Apple iOS, the default operating system for all the iPhones, contained six critical “Zero Interaction” vulnerabilities. Google’s elite ‘Project Zero’ team, which hunts for severe bugs and software flaws, discovered the same. Interestingly, Google’s security research team has also successfully replicated the actions that can be executed using the security flaws in the wild. These bugs can potentially allow any remote attacker to take administrative control of the Apple iPhone without the user having to do anything other than receive and open a message.

Apple iPhone operating system versions prior to iOS 12.4 were found to be susceptible to six “interactionless” security bugs, discovered Google. Two members of the Google Project Zero have published details and even successfully demonstrated Proof-of-Concept for five of the six vulnerabilities.
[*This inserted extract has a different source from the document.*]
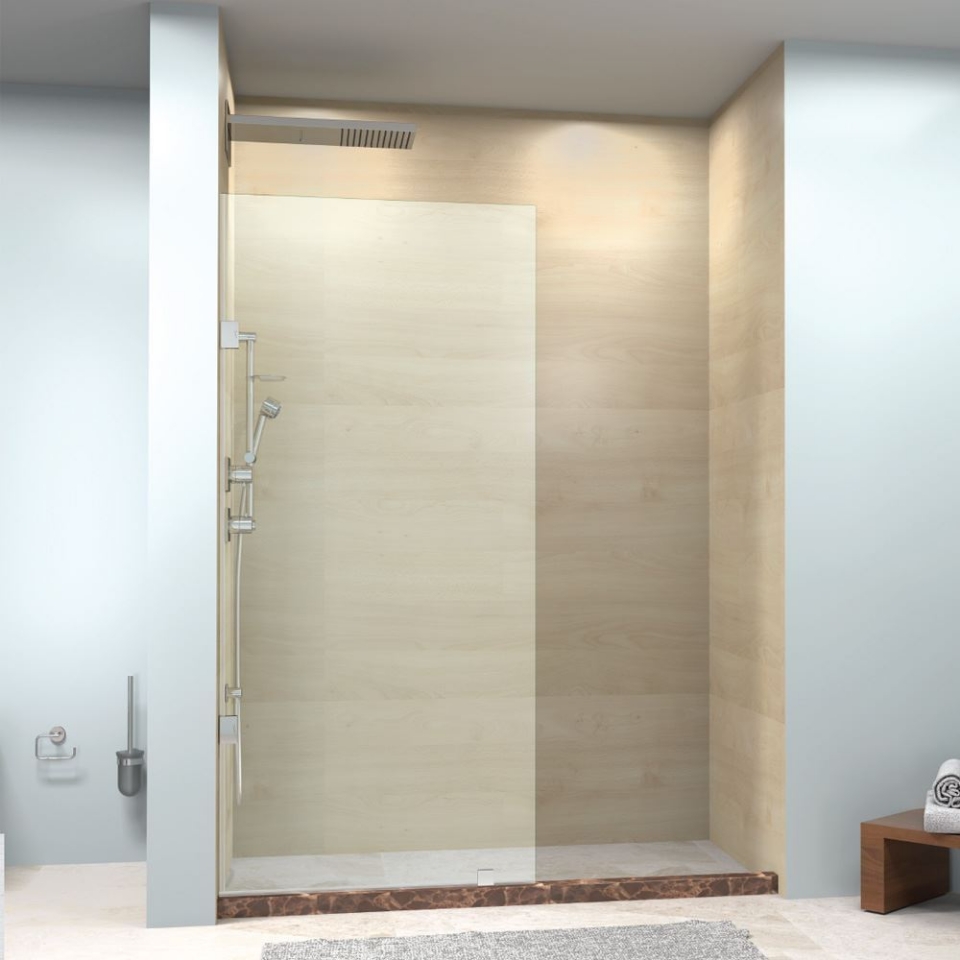 Picture of Free standing shower enclosure - 1 part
The security flaws can be considered quite severe simply because they require the least amount of actions executed by the potential victim to compromise the iPhone’s security. The security vulnerability impacts the iOS operating system and can be exploited via the iMessage client.
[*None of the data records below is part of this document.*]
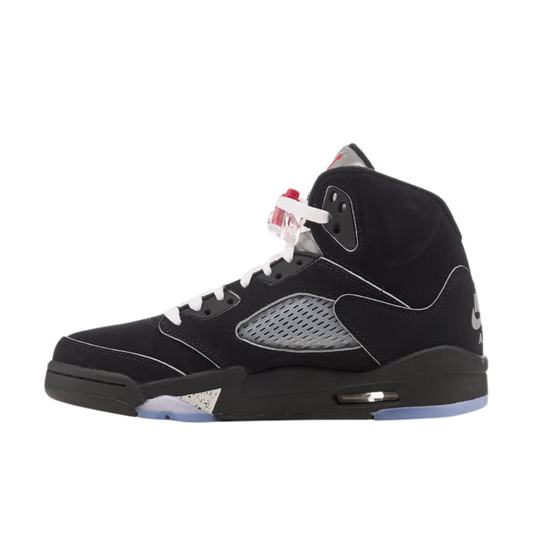 Jordan 5 Retro OG Black Metallic Reimagined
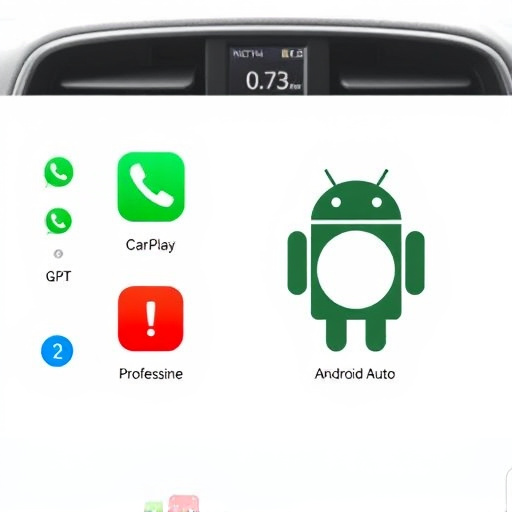 CarPlay and Android Auto integration toledo,Professional CarPlay installation,Professional Android Auto installation
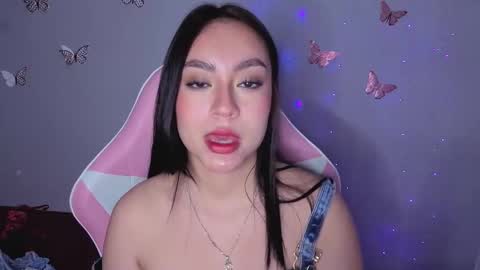 Snapshot of lya_levine chatting on 3, 10, 2025 Lya online show from 3, 10, 2025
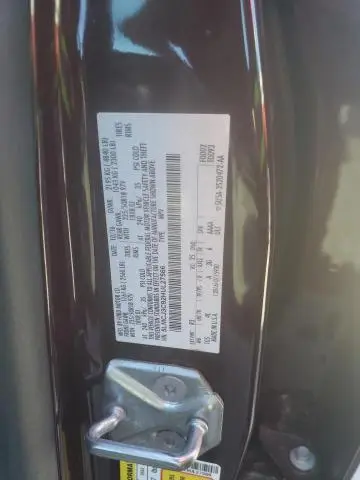 2017 LINCOLN MKC RESERVE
Google Follows ‘Responsible Practices’ And Informs Apple About The Severe Security Flaws In iPhone iOS:

Google will reveal details about the security vulnerabilities in the Apple iPhone iOS at the Black Hat security conference in Las Vegas next week. However, the search giant maintained its responsible practice of alerting respective companies about security loopholes or backdoors, and first reported the issues to Apple to allow it to issue patches before the team revealed the details publicly.

Taking notice of the severe security bugs, Apple reportedly rushed to patch the bugs. However, it may not have completely succeeded. Details about one of the “interactionless” vulnerabilities have been kept private because Apple did not completely resolve the bug. The information about the same was offered by Natalie Silvanovich, one of the two Google Project Zero researchers who found and reported the bugs.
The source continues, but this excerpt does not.